[[ Study material open ]]

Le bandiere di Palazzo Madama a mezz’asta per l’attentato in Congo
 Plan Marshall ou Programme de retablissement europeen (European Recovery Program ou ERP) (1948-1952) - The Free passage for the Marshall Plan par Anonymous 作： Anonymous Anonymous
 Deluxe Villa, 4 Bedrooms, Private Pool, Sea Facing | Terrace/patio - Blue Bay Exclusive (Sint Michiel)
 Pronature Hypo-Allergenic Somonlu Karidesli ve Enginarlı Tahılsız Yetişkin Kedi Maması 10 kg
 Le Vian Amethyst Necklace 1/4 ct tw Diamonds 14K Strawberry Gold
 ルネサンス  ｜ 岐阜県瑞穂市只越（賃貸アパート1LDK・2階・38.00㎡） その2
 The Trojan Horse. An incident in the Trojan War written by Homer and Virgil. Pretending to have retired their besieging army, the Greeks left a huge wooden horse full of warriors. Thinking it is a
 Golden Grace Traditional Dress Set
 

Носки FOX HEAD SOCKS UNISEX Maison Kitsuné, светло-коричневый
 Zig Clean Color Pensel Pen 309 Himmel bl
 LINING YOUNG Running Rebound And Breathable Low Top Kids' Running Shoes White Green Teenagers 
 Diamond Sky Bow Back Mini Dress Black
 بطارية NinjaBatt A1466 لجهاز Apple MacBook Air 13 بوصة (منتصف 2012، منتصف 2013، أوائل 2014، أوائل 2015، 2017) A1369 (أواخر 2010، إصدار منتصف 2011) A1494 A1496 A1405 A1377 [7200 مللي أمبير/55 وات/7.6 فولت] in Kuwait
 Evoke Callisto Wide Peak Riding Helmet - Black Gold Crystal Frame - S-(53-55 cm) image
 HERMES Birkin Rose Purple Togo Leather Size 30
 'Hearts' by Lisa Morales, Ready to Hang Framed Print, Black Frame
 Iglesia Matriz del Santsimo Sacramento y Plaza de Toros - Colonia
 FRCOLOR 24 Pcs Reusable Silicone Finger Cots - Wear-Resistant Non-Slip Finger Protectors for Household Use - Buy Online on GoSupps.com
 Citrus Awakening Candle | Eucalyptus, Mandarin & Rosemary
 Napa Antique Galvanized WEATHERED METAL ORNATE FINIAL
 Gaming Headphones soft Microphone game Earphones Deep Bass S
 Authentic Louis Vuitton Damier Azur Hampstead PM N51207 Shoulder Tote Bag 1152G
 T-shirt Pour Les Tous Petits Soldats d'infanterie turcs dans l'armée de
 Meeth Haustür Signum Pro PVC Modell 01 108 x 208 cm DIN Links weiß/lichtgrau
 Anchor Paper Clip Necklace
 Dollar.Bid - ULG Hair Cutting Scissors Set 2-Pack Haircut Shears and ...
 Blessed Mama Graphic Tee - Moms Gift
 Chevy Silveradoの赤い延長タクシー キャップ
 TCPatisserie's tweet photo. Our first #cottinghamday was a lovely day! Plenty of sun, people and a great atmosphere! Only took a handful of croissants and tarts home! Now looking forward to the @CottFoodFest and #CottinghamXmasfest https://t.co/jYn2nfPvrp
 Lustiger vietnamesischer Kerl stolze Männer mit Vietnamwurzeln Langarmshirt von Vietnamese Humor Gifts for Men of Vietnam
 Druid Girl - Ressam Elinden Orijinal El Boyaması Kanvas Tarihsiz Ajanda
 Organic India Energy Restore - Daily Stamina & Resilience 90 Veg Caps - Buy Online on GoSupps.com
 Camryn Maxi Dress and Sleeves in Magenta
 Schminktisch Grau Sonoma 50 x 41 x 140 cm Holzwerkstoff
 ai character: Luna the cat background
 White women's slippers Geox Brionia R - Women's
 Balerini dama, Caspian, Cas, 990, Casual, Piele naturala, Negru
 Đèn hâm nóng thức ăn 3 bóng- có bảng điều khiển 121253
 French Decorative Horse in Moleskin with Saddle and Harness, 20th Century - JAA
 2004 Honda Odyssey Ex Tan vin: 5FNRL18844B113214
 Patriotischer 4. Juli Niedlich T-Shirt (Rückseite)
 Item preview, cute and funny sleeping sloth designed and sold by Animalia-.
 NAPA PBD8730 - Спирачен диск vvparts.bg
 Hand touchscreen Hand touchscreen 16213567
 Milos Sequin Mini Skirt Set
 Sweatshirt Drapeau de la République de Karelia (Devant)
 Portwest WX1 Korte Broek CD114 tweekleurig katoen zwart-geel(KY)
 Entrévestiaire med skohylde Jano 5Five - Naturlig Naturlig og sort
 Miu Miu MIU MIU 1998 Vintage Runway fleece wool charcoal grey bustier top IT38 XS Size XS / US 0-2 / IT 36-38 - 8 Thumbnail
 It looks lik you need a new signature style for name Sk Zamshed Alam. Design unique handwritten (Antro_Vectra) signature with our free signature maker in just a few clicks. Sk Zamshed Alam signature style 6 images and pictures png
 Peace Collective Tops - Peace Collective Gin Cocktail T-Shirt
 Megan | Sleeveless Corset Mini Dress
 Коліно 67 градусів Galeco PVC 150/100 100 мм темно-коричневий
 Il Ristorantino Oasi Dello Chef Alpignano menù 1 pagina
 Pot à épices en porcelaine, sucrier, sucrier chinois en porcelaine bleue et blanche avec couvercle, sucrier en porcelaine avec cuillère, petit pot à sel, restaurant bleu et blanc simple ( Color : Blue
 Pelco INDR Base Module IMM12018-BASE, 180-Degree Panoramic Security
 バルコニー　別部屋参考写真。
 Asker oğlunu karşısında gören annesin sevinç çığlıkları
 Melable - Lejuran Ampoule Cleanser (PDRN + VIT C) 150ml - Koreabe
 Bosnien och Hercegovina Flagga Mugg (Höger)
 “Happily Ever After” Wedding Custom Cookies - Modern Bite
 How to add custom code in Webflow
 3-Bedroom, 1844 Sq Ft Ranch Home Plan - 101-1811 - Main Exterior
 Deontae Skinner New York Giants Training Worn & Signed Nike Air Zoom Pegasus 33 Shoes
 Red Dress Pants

[[ Study material closed ]]

*Your goal:*
Where does the word "Plan" occur in the records? Return every line that holds it.

*Response to this exercise:*
 Plan Marshall ou Programme de retablissement europeen (European Recovery Program ou ERP) (1948-1952) - The Free passage for the Marshall Plan par Anonymous 作： Anonymous Anonymous
 3-Bedroom, 1844 Sq Ft Ranch Home Plan - 101-1811 - Main Exterior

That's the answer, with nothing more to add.